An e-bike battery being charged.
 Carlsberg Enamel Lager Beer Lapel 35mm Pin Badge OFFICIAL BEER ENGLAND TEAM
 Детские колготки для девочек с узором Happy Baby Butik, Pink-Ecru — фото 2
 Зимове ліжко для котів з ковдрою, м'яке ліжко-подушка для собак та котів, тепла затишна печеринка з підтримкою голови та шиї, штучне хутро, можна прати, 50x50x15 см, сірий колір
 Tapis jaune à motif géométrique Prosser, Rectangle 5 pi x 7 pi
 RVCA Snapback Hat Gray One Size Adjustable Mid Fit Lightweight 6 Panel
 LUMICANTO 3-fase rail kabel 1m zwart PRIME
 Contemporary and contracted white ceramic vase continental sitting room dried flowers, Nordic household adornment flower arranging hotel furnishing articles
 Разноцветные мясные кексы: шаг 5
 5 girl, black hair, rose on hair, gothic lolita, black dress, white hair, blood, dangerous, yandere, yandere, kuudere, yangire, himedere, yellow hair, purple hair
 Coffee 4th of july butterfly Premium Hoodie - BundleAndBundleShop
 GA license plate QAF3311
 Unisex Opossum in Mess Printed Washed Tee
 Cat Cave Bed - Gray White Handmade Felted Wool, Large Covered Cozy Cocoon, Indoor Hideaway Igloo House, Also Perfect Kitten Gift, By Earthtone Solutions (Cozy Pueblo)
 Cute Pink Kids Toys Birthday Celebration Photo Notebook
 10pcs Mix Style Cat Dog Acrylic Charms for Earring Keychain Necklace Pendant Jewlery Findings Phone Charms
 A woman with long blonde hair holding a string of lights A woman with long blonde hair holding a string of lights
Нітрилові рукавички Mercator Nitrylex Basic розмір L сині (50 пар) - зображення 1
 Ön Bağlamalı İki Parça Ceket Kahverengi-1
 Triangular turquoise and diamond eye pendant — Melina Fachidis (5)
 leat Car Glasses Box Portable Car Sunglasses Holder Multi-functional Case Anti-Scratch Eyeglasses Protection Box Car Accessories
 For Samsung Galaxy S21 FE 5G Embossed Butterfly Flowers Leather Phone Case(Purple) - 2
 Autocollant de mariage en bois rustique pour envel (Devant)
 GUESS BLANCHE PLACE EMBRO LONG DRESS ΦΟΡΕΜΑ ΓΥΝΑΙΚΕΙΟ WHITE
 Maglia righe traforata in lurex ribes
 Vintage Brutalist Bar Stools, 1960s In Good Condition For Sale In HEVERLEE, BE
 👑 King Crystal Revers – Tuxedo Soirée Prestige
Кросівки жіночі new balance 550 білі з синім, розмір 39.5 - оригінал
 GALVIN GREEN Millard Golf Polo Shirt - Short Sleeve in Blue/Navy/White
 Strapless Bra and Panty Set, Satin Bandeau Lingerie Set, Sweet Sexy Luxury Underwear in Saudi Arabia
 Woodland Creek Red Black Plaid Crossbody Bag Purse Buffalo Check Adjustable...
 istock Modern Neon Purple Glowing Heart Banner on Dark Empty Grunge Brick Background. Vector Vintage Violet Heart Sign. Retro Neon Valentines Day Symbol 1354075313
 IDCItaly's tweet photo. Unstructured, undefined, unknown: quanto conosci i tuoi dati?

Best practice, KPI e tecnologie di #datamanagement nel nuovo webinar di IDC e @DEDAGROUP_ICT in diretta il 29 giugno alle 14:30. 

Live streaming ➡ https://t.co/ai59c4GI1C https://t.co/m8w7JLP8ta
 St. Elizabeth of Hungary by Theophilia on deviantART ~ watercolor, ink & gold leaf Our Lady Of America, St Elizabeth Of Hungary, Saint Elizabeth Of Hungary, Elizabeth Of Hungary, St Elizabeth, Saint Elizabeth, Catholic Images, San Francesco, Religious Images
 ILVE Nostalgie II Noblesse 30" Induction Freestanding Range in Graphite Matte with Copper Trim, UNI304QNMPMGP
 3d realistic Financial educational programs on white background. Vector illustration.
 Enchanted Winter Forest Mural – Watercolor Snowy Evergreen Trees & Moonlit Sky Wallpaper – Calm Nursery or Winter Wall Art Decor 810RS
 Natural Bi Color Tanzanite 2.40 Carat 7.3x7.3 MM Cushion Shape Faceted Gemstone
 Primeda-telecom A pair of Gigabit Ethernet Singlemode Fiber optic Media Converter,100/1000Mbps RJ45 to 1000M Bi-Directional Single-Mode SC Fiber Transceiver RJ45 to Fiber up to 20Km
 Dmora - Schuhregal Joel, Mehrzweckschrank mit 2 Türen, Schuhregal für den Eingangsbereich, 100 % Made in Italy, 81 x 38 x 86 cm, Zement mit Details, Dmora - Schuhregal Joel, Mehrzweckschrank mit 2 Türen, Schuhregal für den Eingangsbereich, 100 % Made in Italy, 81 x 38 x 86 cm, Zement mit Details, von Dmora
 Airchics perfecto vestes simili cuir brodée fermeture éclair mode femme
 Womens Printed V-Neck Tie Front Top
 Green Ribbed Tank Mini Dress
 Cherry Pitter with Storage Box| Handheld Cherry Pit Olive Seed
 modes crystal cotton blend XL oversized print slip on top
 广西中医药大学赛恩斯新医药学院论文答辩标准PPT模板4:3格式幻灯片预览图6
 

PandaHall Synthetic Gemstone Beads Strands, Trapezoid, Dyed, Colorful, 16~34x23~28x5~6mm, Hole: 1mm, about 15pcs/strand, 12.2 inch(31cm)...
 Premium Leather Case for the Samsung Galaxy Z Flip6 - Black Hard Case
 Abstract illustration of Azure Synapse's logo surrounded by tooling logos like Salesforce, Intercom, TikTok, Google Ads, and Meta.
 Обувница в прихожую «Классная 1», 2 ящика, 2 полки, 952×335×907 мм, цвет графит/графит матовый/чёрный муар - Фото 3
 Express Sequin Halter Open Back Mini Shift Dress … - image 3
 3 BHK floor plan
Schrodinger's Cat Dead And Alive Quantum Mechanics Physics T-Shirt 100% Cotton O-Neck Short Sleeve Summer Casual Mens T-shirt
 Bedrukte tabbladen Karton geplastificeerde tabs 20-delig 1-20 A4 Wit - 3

========================

• [What you are asked to do]: Please output exactly the lines between the one holding "3d realistic Financial" and the one holding "Natural Bi Color" in the records above, inclusive, and nothing more.

• [Reply to the exercise]:
 3d realistic Financial educational programs on white background. Vector illustration.
 Enchanted Winter Forest Mural – Watercolor Snowy Evergreen Trees & Moonlit Sky Wallpaper – Calm Nursery or Winter Wall Art Decor 810RS
 Natural Bi Color Tanzanite 2.40 Carat 7.3x7.3 MM Cushion Shape Faceted Gemstone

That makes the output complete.